Por LISZT VIEIRA*
Os ventos do Norte não movem moinhos (canção “Sangue Latino” da banda Secos e Molhados).
Os mais jovens talvez não conheçam o termo quinta coluna, que traz um sentido de traição e conspiração interna. Essa expressão vem da Guerra Civil Espanhola (1936–1939), quando o general fascista que tentava tomar Madri afirmou que quatro colunas de tropas cercavam a cidade, mas havia uma “quinta coluna” já infiltrada dentro dela. A partir daí, “quinta coluna” passou a designar um grupo interno que age clandestinamente para sabotar uma organização ou nação, colaborando com forças inimigas. Hoje, o termo se ampliou e passou a ser usado no debate político para acusar opositores de agirem contra os interesses nacionais. Ou seja, o termo não se refere mais apenas a espiões que agem clandestinamente, mas a todos os que atuam contra os interesses da soberania nacional.
Em uma cena que se tornou comum em manifestações políticas da direita no Brasil, a bandeira norte-americana divide espaço com a brasileira. Os nomes de Donald Trump e Jair Bolsonaro aparecem lado a lado em faixas e cartazes, na lógica de uma cooperação internacional da extrema direita. No ano passado, segundo pesquisa do Datafolha (março de 2024), 31% dos eleitores que se identificam como bolsonaristas afirmam confiar mais em Donald Trump do que em qualquer outro líder político internacional. Entre os mais radicalizados, esse índice sobe para 47%. A mesma pesquisa revela que 26% desses eleitores consideram que os Estados Unidos deveriam servir de “modelo político e moral” ao Brasil — mesmo quando isso significa contrariar a Constituição brasileira.

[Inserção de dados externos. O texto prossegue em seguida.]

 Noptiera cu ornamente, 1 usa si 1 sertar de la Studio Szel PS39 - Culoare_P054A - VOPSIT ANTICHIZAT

Agora, com a guerra comercial decretada por Trump, taxando em 50% a importação dos produtos brasileiros, com a sanção aplicada ao Ministro Alexandre de Moraes e novas ameaças de retaliação se Bolsonaro não for anistiado, a Quinta Coluna está ativa, mas não é mais clandestina. Opera abertamente, como se viu nas últimas manifestações bolsonaristas levantando cartazes com a foto de Trump e com a tomada da direção da Câmara dos Deputados pelos parlamentares bolsonaristas de extrema direita. Há um clima de golpe no ar. A extrema direita sabe que conta com o apoio direto do governo dos EUA, o que não aconteceu na época da eleição presidencial de 2022, com Biden na presidência mandando recados aos militares brasileiros: Nada de golpe!
Boa parte do bolsonarismo, provavelmente a maioria, assumiu a defesa de Trump contra o Brasil, mas paga um alto preço com a perda da bandeira e do discurso patriótico. Há muitos bolsonaristas atônitos e perdidos. Afinal, a extrema direita defende os EUA contra o Brasil. Quem defende o Brasil é Lula e a esquerda, exatamente o contrário do que antes acreditavam. Enquanto os militantes e políticos bolsonaristas se comprometem com a defesa de uma agenda estrangeira, personificada em Trump, o Governo Lula e a esquerda em geral defendem a soberania nacional.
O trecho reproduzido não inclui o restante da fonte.